• EXERCISE AIM
Copy exactly the lines of the material below that fall between the line with "X0000052540370200507291856" and the line with "大理山居海底椰干货煲汤无硫原色广式糖水奶香黄色原味原料椰子片", both of those lines included; pictures stay out.

• SUPPLIED DATA
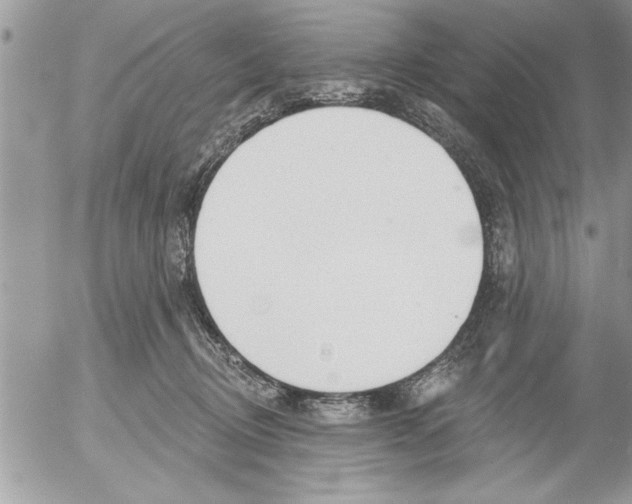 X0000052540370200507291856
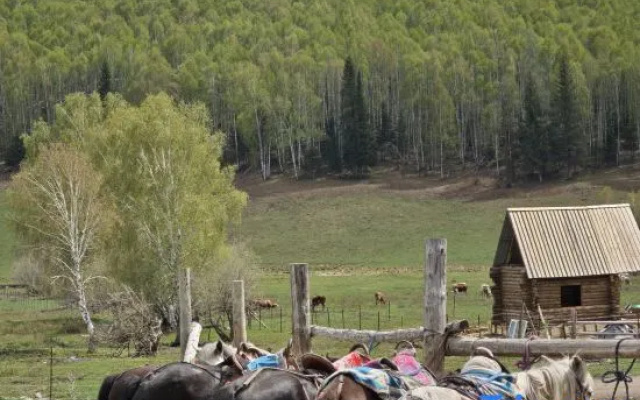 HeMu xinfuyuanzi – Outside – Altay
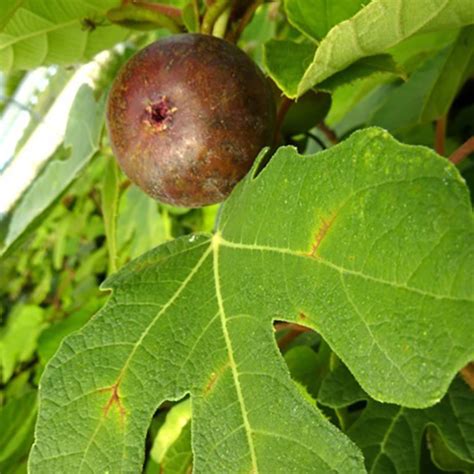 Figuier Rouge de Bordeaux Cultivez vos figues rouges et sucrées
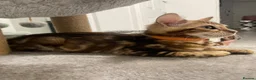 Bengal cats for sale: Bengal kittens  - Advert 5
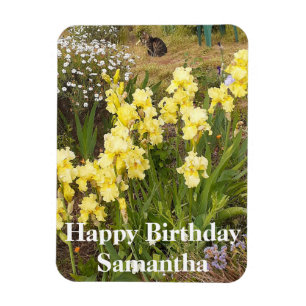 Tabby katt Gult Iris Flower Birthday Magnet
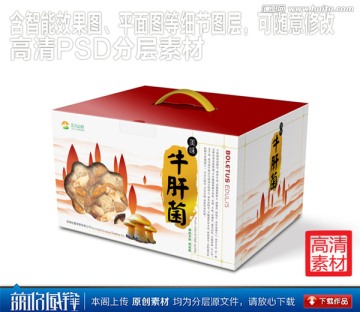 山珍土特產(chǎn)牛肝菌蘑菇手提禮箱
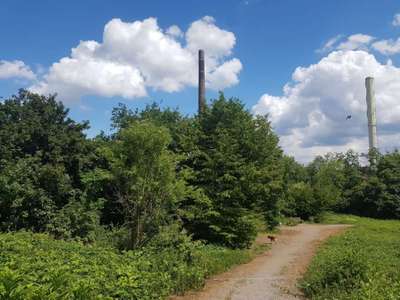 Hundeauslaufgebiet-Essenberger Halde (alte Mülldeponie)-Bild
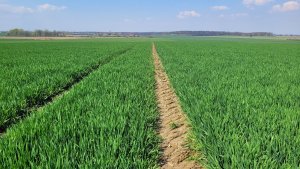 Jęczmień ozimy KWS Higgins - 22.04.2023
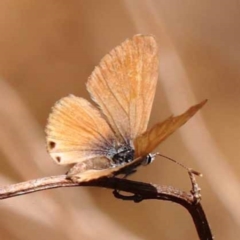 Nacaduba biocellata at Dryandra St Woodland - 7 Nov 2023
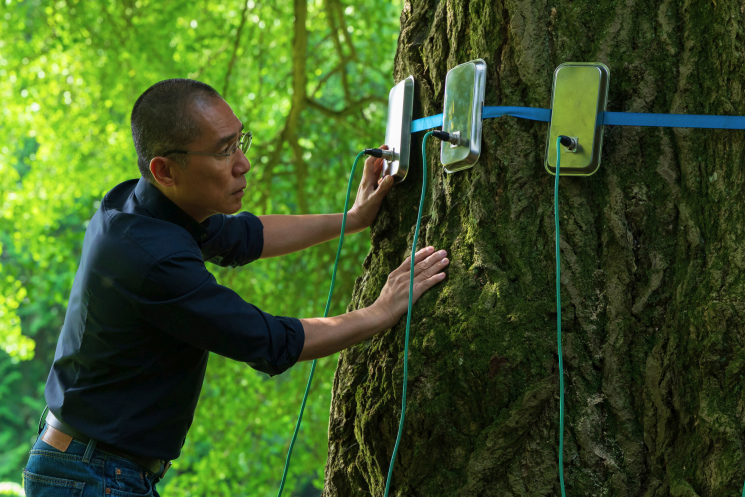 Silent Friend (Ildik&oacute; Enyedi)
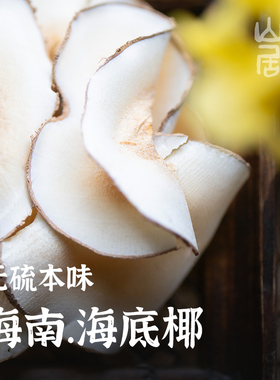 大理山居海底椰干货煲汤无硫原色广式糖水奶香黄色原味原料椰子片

* * *

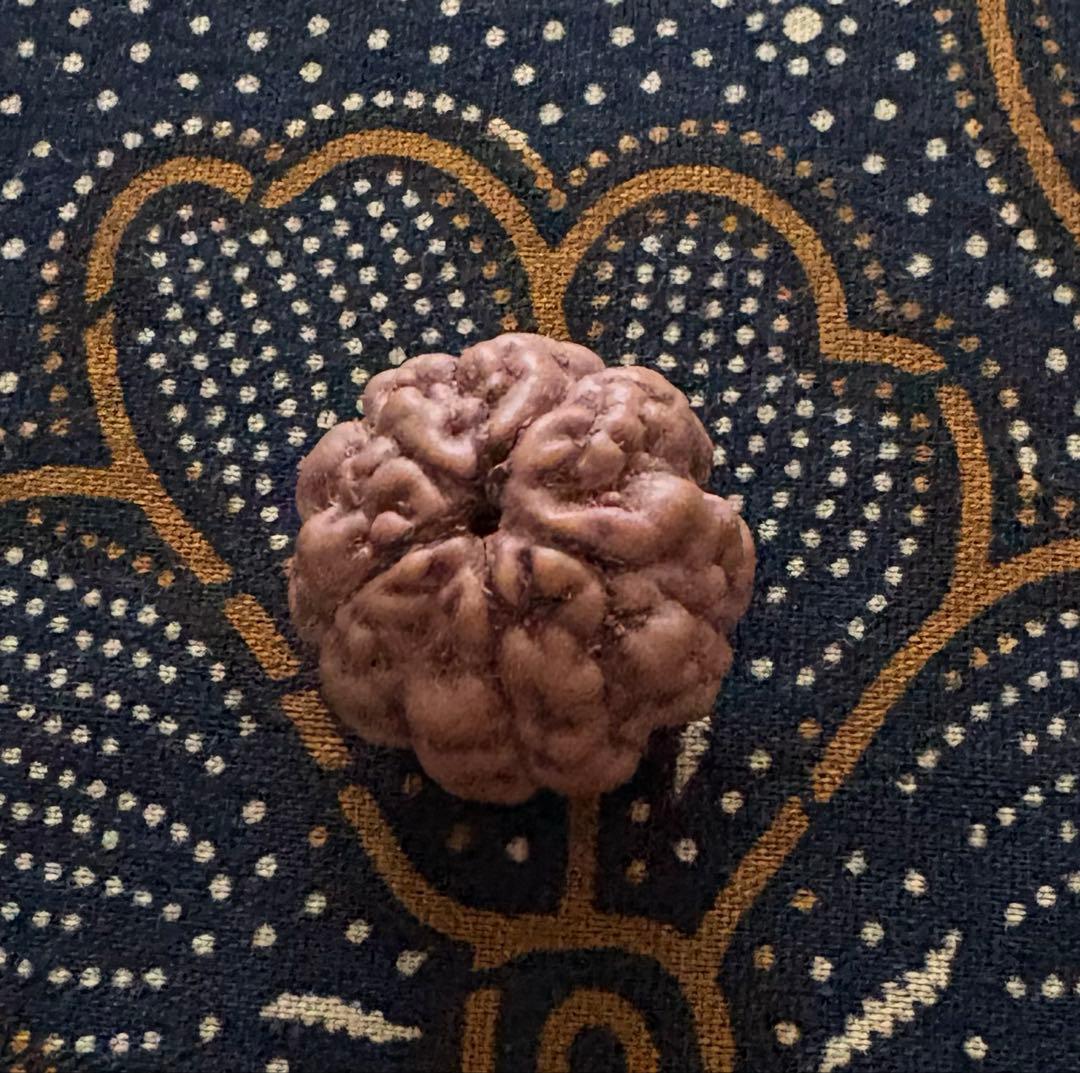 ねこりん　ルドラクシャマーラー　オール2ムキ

* * *

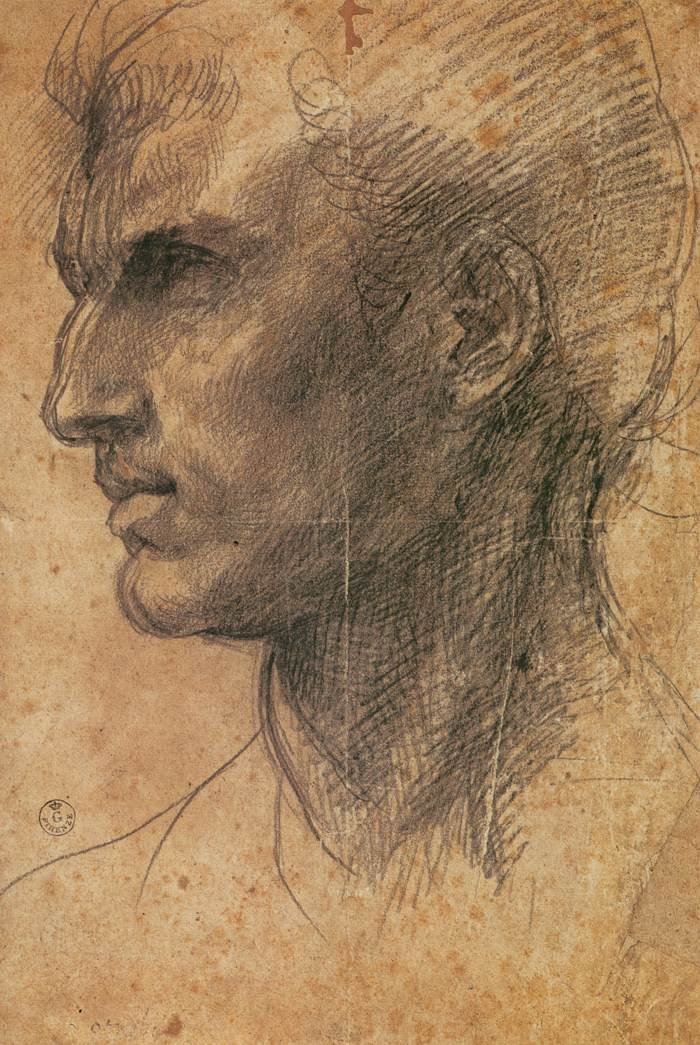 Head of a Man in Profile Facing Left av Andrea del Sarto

• TASK ANSWER
 X0000052540370200507291856
 HeMu xinfuyuanzi – Outside – Altay
 Figuier Rouge de Bordeaux Cultivez vos figues rouges et sucrées
 Bengal cats for sale: Bengal kittens  - Advert 5
 Tabby katt Gult Iris Flower Birthday Magnet
 山珍土特產(chǎn)牛肝菌蘑菇手提禮箱
 Hundeauslaufgebiet-Essenberger Halde (alte Mülldeponie)-Bild
 Jęczmień ozimy KWS Higgins - 22.04.2023
 Nacaduba biocellata at Dryandra St Woodland - 7 Nov 2023
 Silent Friend (Ildik&oacute; Enyedi)
 大理山居海底椰干货煲汤无硫原色广式糖水奶香黄色原味原料椰子片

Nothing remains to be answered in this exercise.